▸ **Records for the exercise**:
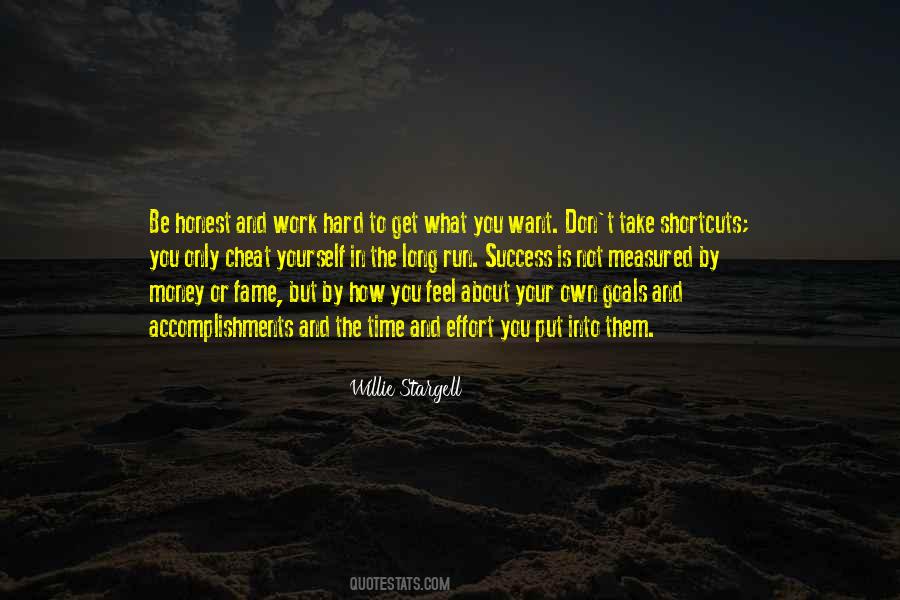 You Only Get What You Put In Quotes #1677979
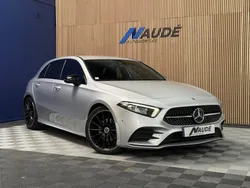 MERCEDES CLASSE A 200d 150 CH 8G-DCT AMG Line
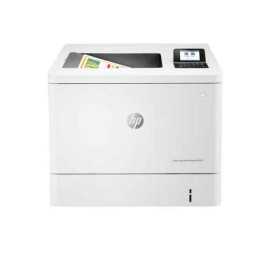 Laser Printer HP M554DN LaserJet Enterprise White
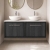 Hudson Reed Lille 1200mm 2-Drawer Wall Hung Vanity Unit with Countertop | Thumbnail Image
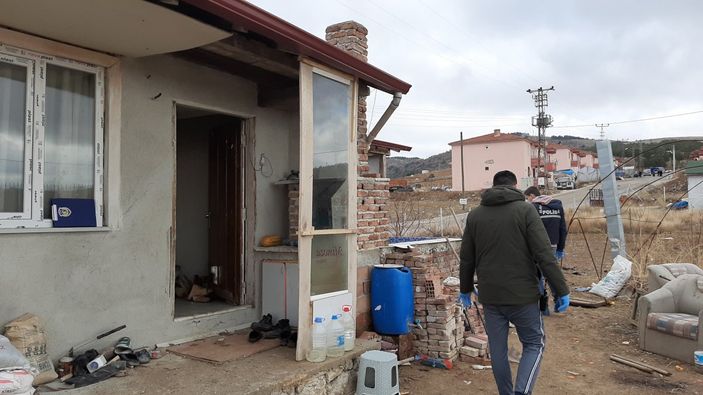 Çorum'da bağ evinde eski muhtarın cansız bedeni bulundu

==

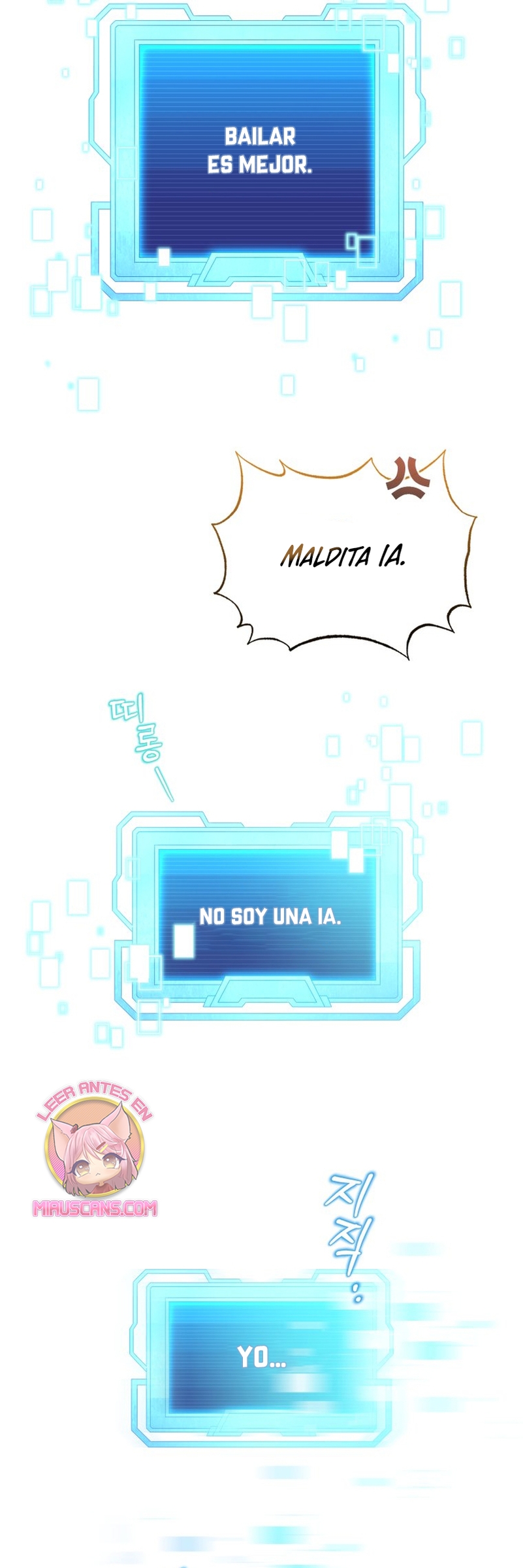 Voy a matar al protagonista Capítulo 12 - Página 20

▸ **About this exercise**: Pictures aside, print exactly the lines above starting with the one containing "You Only Get What You Put In Quotes #1677979" and going on through the one containing "Çorum'da bağ evinde".

▸ **Completed exercise**:
 You Only Get What You Put In Quotes #1677979
 MERCEDES CLASSE A 200d 150 CH 8G-DCT AMG Line
 Laser Printer HP M554DN LaserJet Enterprise White
 Hudson Reed Lille 1200mm 2-Drawer Wall Hung Vanity Unit with Countertop | Thumbnail Image
 Çorum'da bağ evinde eski muhtarın cansız bedeni bulundu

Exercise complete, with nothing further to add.